«Esiste un cerimoniale da seguire: anche se cambiano i tempi, il principio del bon ton non può cambiare, è qualcosa che si deve avere dentro». Per il cavaliere della repubblica Mario Petrucci, nonché maestro del lavoro, gran maestro della ristorazione, vicepresidente nazionale e gran cancelliere dell’Associazione maître italiani ristoranti alberghi (Amira), questa è davvero una sacra legge dell’ospitalità, che è capace di spiegare e diffondere con grande garbo ed eleganza durante gli incontri organizzati per l’Amira, anche nell’ambito del percorso di Solidus.

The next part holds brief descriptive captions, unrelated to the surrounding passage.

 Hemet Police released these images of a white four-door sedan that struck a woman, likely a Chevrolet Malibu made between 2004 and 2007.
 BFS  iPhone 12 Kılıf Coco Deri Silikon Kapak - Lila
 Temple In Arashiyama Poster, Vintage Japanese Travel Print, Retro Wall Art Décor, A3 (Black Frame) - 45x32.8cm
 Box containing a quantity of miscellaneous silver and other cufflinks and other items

«Vedo con piacere che alle mie conferenze assistono molti giovani, mi fanno domande, s’interessano, e questo significa che potremo tener vivo il bon ton anche se sta diventando piuttosto difficile: un po’ dipende dai datori di lavoro che diminuiscono il personale e quindi le cose si fanno meno bene, più in fretta… Anche se si tenta di modernizzarle, le regole del bon ton esisteranno sempre e saranno sempre un po’ rigide. Non a caso, questo tipo di cerimoniale viene seguito dalle famiglie nobili, dal clero e dai militari. Però tutte le regole hanno una ragione», prosegue Petrucci. «Quando una donna e un uomo entrano insieme in un ristorante, è lui a dover precedere, perché così ha modo con un’occhiata di valutare la situazione, capire quale sia il posto migliore e fare strada. E perché il posto principale a tavola guarda la porta? Ma perché questo permette di vedere per primo un eventuale problema».

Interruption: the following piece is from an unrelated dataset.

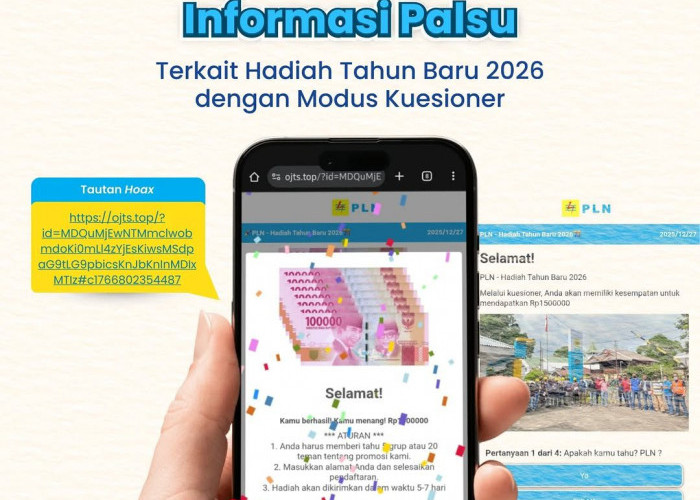 PLN UID S2JB Ingatkan Masyarakat Waspada Penipuan Berkedok Hadiah Tahun Baru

La carriera di Petrucci, nato a Berlino nel 1943, è iniziata dal primo gradino: cameriere nel 1962 all’Hotel Rolex di Riccione, commis de rang nel 1967 al Grand Hotel de Paris di Monte Carlo, caporango lo stesso anno a bordo della Michelangelo; dal 1969 al ’90 c’è Sanremo, dove Petrucci lavora in alberghi e ristoranti amati dai personaggi del Festival, salendo di grado fino a ricoprire il ruolo di maître d’hotel e f&b manager al Grand Hotel et des Anglais, conquistando l’amicizia di persone importanti che nel ’91 lo chiamano al Jolly Hotel Milano Due Segrate come 1° maître. Tredici anni di esperienza al Jolly anche come formatore del personale di compagnia. «Sono partito giovanissimo da una pensione in Romagna, dove ho imparato la manualità. Volevo girare il mondo, quindi ho frequentato una scuola Enalc per procurarmi i titoli necessari, e poco dopo sono salito a bordo delle grandi navi. Ho imparato tre lingue, ho fatto esperienza e infine sono approdato a Monte Carlo, quindi a Sanremo e da lì al Jolly. Nel frattempo ho seguito numerosi master di specializzazione, e nel 1983 sono entrato nell’Amira come fiduciario. Nel ’95 sono stato nominato gran maestro della ristorazione, nel ’96 consigliere nazionale dell’associazione, poi vicepresidente e gran cancelliere. Ora mi piace molto trasmettere qualche segreto ai giovani».
A proposito di segreti, che cosa è veramente importante per un maître? E quali doti deve possedere?
«Deve avere tre qualità, anzi quattro: deve essere duttile, molto educato, conoscere le lingue e capire la psicologia del cliente. In più, direi che deve anche possedere una buona cultura generale e una discreta conoscenza del territorio. Deve vivere il lavoro come una missione perché non ha orari precisi, né feste comandate. Il maître è felice quando fa felici altre persone. In definitiva, l’importante per un maître è sapere di aver svolto un ottimo servizio».